The National Agency for Food and Drug Administration and Control (NAFDAC) has alerted Nigerians, particularly healthcare providers, to be aware of a batch of counterfeit Meronem 1g injection circulating the country.
This was contained in a public alert No. 036/2023, signed by the agency’s Director-General, Prof. Mojisola Adeyeye, and issued to the News Agency of Nigeria (NAN) in Abuja on Tuesday, November 21.
According to Adeyeye, the Marketing Authorization Holder (MAH), Pfizer, reported the incident, as received through a patient notification platform, concerning a suspicious Meronem 1g injection purchase.
The patient noted that the vial content did not dissolve when reconstituted for use and that further visual inspection of the pack was observed.
Further investigations showed that the crimp code did not match the code reported on the production documentation batch of 2A21F11, the semi-finished batch used for 4A21I17.

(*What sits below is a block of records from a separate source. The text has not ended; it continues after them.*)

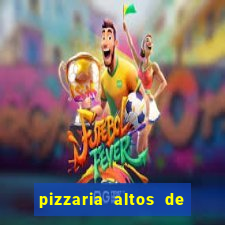 pizzaria altos de santana sjc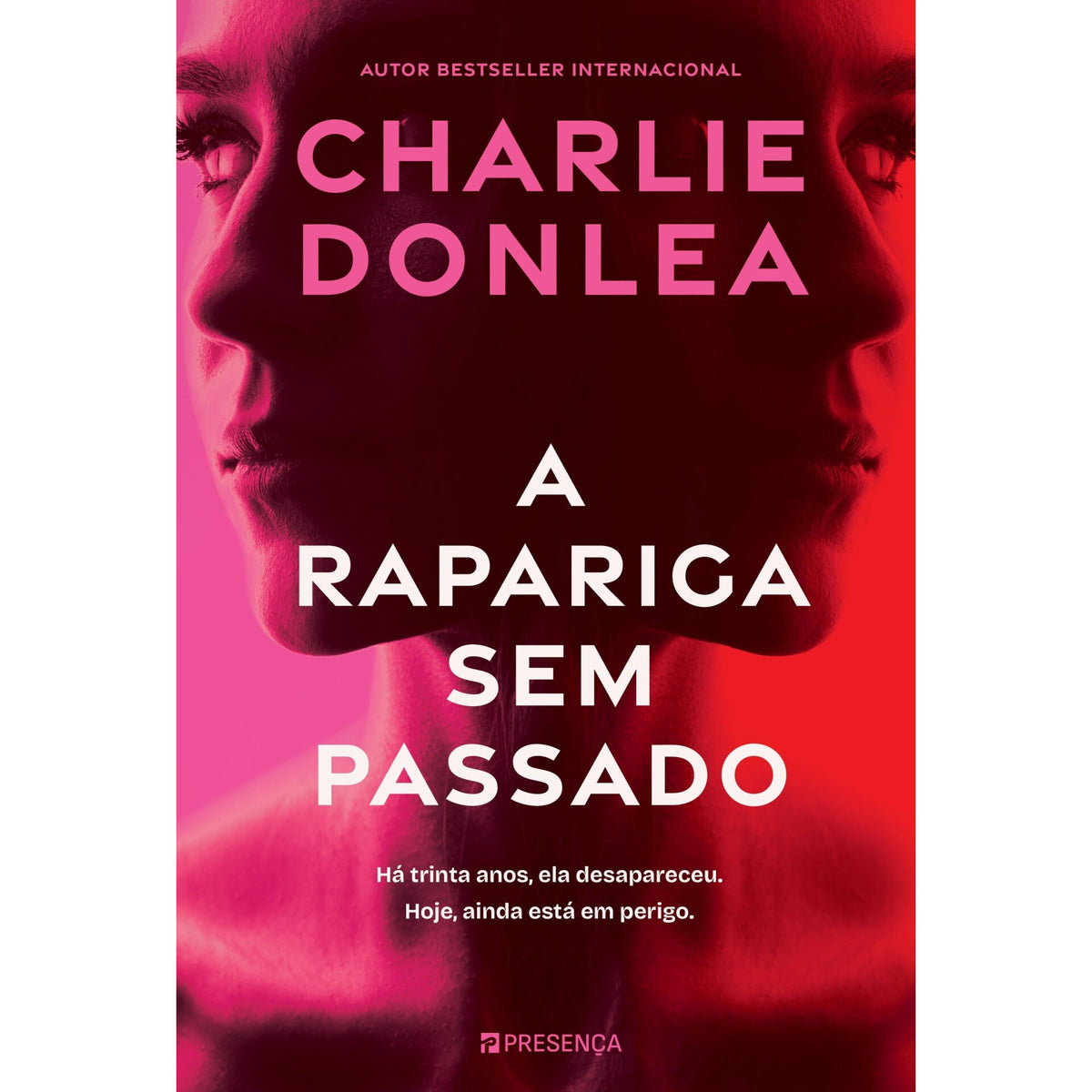 A Rapariga sem Passado de Charlie Donlea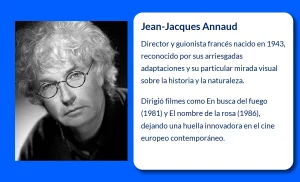 Jean-Jacques Annaud (1943-VVVV). El visionario director francés que llevó la historia y la naturaleza al cine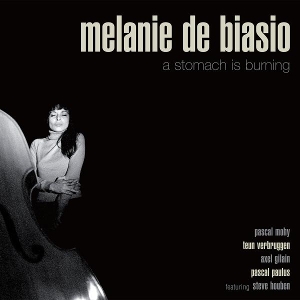 Biasio, Melanie De – A Stomach is Burning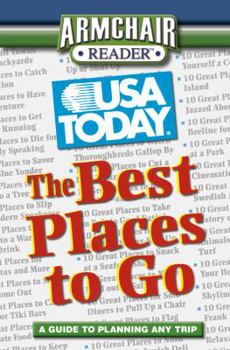USA Today—The Best Places to Go: A Guide to Planning Any Trip (Armchair Reader) - Book  of the Armchair Reader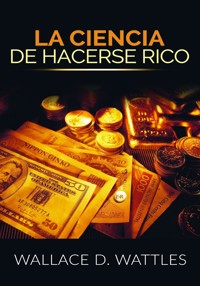 La Ciencia de Hacerse Rico (Traducido) - Wallace D. Wattles - E-Book
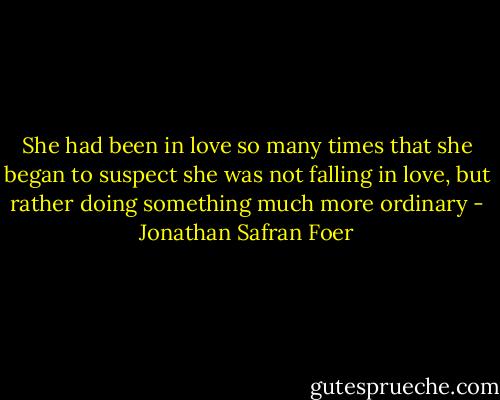 She had been in love so many times that she began to suspect she was not falling in love, but rather doing something much more ordinary - Jonathan Safran Foer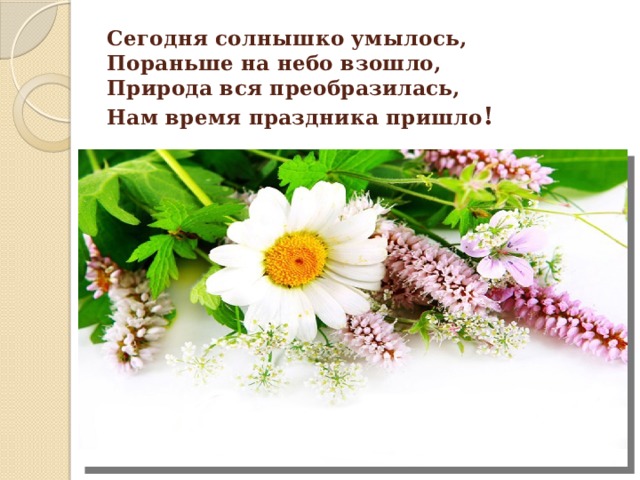 Сегодня солнышко умылось,  Пораньше на небо взошло,  Природа вся преобразилась,  Нам время праздника пришло !   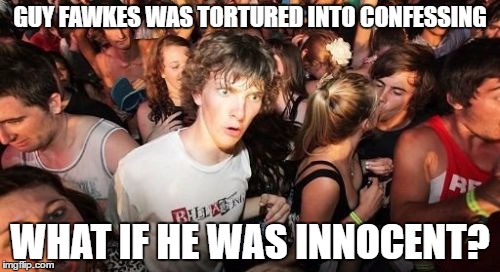 Sudden Clarity Clarence | GUY FAWKES WAS TORTURED INTO CONFESSING; WHAT IF HE WAS INNOCENT? | image tagged in memes,sudden clarity clarence | made w/ Imgflip meme maker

The D-G said that the production process did not meet Pfizer’s specifications.
“The vial label compares favourably to the purported artwork version.
“Meronem (Meropenem trihydrate injection) is an antibiotic used to treat skin and abdominal (stomach area) infections caused by bacteria and meningitis (infection of the membranes that surround the brain and spinal cord) in adults and children 3 months of age and older.
“The administration of the counterfeit product will pose a high risk to patients as the quality and safety are not guaranteed,” Adeyeye said.
The NAFDAC boss, however, said that healthcare providers and patients were advised to obtain all medical products from authorized or licensed suppliers.
She further called on those in possession of the counterfeit product to seek immediate medical advice from a qualified healthcare professional if they had already used the product or suffered from any adverse after use reactions.